Irish goalie Brad Phillips led the way with 34 saves for the victors, who actually were outshot by a 34-16 margin. Ben Ryan and Calle Ridderwall added a goal and an assist for Notre Dame.

“I’m watching BU and seeing a little of ourselves out there,” Notre Dame coach Jeff Jackson said. “Our team’s been a little out of sync offensively, and that’s what I thought I saw with them. I thought both teams were good defensively, but managing anything offensively was a challenge out there for both teams. Maybe that’s because both teams were good teams defensively.”

For Terriers coach Jack Parker, his lament was a case of too little, too late in terms of effort. “My first observation was I thought that the first time I saw a BU hockey team show up was when we were down 2-0,” Parker said. “Up until that point, we were jumpy with the puck and getting bumped off the puck. We didn’t play real hard on top of the puck. We were inept on the power play as far as moving the puck. With the five-on-three, it was like we never practiced it.

“After we were down 2-0, we started to play hard. They were up 2-0, so they didn’t have to play so hard, but we started playing very, very well — trying to get pucks to the net, trying to use the point, looking like they knew what we were talking about out there. We got a good effort out of a lot of guys, but that’s less than half a game.”

Given that the game featured the two teams that went into the postseason as the No. 1 and No. 2 seeds in the nation, the first period showed surprisingly little firepower. BU almost put the puck in its own net during a delayed penalty at the two-minute mark, and that was the closest either team came to scoring in the first several minutes. Notre Dame had no shots on goal for the first six or seven minutes of the period.

At 8:27, Terrier junior Nick Bonino set up Vinny Saponari for a shot on Phillips’ glove side, only to have the right wing hit the post. At 9:40, Notre Dame junior Ian Cole whiffed on a one-timer just outside of the crease with half the net open. Those were the best chances of the first period.

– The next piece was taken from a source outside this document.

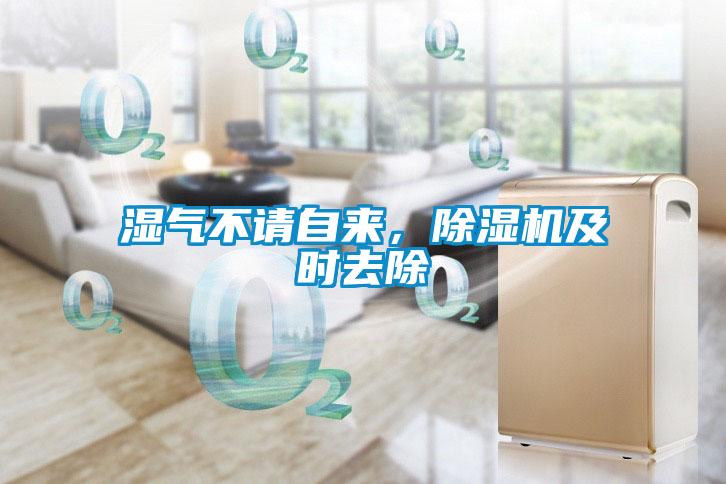 濕氣不請自來，除濕機(jī)及時去除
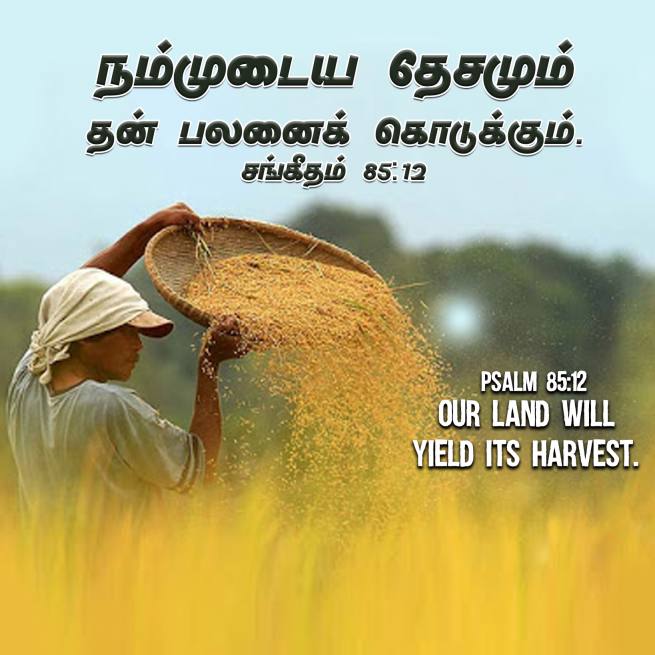 PSALM 85 12 Tamil Bible Wallpaper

Notre Dame picked it up in the second period. BU sophomore goalie Kieran Millan made a blocker save on Sean Lorenz’s backhander at 4:25, then Nick Larson had a great rebound bid in the slot at 7:30. Ridderwell got another good shot from 15 feet at 15:15, and Billy Maday scored 12 seconds later on a wrister from about 18 feet out, beating Millan stick side.

Before that goal could even be announced, Notre Dame pounced again, with first-line center Ben Ryan scoring 12 seconds later. Roughly 90 seconds later, the Irish almost got a third goal when Ryan Thang’s shot hit a pipe.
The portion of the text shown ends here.